# ADR-0022: Inter-Batch Throttle Paces by Rows Pulled, Not Per Batch
**Status**: Accepted
**Date**: 2026-06-22
---
## Context
Every per-engine export loop calls `AdaptiveBatchController::throttle()` after
emitting a batch, to pace the source ("be gentle"). The `balanced` profile sets
`throttle_ms: 50`, `safe` 500, `fast` 0. Until now `throttle()` was a flat
`std::thread::sleep(throttle_ms)` — a **fixed sleep per batch**.
That makes the throttle's total cost `batch_count × throttle_ms`, and
`batch_count` is *not* a stable property of the data: PostgreSQL caps `FETCH N`
under `work_mem × 0.7` to avoid a `pgsql_tmp/` spill, so a **wide** table is read
in many small batches.
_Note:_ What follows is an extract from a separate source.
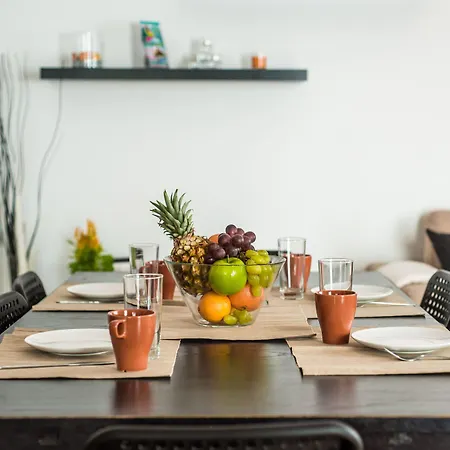 Gasthuis Bhavana Surf House Corralejo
On `content_items` (1.93 M rows, ~20 wide text/jsonb
columns, default 4 MB `work_mem`) the FETCH is capped to ~420 rows → ~4 560
batches → **~228 s of `thread::sleep`**, i.e. **74 % of wall-clock** (confirmed by
a `sample` profile: the main thread is overwhelmingly in `thread::sleep`, not in
the row→Arrow→Parquet work).
The measured payoff of that 228 s of pacing, read from rivet's own `export_harm`
counters, was **~0**: with `throttle_ms: 50` vs `0` the source returned the same
`pg_tup_returned` (1.938 M vs 1.932 M), read the same `pg_blks_read` (153 104 vs
153 040), and spilled zero temp files — identical cumulative harm, output
byte-identical. Worse, the throttled run held the cursor's MVCC snapshot **6×
longer** (270 s vs 42 s), which on a busy OLTP source blocks vacuum and widens
replication lag — the *opposite* of gentleness. Full data:
`docs/bench/reports/REPORT_throttle_vs_harm.md`.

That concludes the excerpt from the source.